### ACTIVITY:
Each line of the records below that holds "Matte" should be copied out.

### PROVIDED MATERIAL:
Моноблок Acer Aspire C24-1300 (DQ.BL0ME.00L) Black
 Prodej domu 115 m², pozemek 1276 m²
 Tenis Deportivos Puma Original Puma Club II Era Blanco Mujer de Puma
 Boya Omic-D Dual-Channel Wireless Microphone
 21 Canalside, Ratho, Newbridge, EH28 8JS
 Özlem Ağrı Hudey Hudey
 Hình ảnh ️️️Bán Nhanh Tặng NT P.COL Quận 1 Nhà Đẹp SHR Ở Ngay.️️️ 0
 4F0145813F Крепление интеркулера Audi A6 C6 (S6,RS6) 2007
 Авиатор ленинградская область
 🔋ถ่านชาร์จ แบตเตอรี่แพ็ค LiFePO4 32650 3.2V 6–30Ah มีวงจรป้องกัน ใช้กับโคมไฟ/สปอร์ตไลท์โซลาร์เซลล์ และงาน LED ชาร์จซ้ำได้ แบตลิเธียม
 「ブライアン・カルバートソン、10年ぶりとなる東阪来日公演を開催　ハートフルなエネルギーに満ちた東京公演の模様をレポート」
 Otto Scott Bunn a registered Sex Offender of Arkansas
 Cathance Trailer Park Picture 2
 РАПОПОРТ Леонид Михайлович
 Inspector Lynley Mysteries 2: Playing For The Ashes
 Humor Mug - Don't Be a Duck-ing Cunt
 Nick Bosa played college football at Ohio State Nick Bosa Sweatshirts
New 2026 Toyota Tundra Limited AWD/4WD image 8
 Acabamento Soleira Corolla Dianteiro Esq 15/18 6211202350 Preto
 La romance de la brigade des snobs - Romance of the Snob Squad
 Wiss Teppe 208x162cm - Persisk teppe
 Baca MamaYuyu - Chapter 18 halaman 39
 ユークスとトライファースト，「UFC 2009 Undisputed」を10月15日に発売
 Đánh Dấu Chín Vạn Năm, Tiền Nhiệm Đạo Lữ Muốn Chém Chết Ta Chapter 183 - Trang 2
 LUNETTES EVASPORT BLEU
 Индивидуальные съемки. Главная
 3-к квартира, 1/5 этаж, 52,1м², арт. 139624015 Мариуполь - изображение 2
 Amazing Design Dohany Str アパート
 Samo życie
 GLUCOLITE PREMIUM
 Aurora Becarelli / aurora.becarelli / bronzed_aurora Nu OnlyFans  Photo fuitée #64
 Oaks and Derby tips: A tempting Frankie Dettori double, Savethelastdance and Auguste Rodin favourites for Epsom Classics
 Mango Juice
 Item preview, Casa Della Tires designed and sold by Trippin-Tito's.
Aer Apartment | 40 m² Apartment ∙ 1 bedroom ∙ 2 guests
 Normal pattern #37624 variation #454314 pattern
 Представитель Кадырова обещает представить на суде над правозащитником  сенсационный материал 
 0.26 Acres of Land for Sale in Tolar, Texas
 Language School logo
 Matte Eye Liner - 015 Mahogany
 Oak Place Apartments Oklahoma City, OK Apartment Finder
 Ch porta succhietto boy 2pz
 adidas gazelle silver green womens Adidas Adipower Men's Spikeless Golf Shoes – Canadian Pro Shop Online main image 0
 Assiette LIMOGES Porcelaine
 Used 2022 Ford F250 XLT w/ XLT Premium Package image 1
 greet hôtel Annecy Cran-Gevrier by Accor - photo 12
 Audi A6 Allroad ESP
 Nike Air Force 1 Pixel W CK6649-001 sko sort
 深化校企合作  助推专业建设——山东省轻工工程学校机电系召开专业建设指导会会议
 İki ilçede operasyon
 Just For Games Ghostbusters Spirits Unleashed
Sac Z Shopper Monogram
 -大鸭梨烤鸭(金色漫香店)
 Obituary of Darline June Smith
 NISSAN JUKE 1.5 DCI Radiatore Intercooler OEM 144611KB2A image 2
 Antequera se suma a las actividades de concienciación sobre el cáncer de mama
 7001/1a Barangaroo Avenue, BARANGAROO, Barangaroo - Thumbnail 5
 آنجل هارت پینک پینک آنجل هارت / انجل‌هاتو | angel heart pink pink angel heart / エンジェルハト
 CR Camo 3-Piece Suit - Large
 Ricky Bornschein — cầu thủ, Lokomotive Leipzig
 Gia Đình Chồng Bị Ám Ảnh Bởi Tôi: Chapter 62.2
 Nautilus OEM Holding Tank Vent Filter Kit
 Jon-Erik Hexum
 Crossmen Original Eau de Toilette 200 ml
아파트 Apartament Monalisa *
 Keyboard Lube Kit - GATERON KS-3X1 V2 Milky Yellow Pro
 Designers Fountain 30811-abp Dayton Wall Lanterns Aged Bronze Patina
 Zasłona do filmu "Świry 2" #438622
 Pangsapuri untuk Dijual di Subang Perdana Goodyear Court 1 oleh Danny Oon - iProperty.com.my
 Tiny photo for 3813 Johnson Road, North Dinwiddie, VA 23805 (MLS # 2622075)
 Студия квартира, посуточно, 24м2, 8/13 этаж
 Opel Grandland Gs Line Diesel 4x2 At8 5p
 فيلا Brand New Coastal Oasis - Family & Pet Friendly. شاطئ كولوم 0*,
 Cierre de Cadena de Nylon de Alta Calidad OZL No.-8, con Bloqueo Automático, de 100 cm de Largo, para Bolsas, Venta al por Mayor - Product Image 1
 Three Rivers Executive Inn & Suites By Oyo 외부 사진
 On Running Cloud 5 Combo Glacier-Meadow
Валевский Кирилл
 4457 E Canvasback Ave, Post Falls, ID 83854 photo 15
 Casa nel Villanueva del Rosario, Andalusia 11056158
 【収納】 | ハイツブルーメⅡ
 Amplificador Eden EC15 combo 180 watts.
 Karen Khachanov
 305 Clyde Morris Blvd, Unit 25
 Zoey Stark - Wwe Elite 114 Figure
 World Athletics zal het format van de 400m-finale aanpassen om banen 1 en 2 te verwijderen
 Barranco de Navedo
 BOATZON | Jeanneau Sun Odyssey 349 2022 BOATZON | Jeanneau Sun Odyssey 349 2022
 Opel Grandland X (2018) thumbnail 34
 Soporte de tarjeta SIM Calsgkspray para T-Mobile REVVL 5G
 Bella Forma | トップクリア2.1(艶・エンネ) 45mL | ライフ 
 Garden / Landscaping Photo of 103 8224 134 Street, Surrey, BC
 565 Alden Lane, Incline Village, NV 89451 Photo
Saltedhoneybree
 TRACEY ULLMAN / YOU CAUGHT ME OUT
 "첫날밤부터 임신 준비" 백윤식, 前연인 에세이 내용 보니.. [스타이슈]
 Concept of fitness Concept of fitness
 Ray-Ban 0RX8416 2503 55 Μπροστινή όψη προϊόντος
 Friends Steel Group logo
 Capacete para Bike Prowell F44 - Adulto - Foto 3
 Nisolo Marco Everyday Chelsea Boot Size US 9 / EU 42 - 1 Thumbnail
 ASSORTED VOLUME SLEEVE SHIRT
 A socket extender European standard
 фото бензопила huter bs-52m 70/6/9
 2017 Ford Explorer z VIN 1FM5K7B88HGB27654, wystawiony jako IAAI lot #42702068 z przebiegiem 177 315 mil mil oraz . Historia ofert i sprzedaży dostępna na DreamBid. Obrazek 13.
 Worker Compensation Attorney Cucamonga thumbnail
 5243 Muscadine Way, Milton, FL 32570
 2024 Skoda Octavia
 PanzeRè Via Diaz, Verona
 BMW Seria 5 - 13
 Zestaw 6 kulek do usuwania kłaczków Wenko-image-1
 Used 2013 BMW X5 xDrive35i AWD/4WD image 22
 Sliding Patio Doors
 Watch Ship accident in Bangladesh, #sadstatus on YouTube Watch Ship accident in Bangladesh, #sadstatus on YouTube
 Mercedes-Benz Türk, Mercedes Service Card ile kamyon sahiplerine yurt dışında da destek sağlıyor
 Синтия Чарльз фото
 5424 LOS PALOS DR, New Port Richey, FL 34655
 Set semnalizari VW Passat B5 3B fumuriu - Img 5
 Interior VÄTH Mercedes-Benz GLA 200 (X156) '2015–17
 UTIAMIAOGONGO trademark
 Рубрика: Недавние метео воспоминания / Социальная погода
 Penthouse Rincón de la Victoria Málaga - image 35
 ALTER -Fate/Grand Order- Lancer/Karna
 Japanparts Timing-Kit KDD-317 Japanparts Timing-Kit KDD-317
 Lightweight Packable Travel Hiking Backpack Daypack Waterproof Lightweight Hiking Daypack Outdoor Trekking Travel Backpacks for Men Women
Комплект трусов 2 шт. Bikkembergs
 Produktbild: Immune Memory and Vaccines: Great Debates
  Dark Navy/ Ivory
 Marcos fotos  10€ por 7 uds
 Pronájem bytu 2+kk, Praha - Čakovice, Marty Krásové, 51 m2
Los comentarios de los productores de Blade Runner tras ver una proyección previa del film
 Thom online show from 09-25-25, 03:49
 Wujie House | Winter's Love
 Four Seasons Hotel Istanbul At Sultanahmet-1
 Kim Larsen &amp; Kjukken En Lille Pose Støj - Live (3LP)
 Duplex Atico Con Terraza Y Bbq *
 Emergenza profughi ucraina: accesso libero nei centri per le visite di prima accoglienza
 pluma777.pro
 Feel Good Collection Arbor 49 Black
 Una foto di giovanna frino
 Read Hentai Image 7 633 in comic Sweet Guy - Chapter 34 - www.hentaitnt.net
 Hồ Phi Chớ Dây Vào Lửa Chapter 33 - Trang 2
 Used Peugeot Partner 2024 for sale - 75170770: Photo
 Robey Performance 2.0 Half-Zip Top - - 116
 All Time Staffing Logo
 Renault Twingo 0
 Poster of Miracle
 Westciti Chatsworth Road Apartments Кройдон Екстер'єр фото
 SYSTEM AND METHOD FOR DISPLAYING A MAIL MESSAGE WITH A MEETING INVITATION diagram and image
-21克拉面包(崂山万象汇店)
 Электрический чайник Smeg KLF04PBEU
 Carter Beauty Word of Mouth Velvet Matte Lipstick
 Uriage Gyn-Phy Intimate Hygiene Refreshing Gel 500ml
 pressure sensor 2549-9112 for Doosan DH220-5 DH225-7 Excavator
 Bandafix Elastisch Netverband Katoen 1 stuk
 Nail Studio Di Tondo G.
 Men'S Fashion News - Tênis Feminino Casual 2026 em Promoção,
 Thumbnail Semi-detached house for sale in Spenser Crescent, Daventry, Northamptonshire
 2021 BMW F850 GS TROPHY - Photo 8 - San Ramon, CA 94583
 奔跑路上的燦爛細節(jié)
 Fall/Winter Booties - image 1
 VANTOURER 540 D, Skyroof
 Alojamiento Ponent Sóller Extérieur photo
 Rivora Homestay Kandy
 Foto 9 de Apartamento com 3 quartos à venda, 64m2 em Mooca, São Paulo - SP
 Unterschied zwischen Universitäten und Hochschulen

### YOUR SOLUTION:
 Matte Eye Liner - 015 Mahogany
 Carter Beauty Word of Mouth Velvet Matte Lipstick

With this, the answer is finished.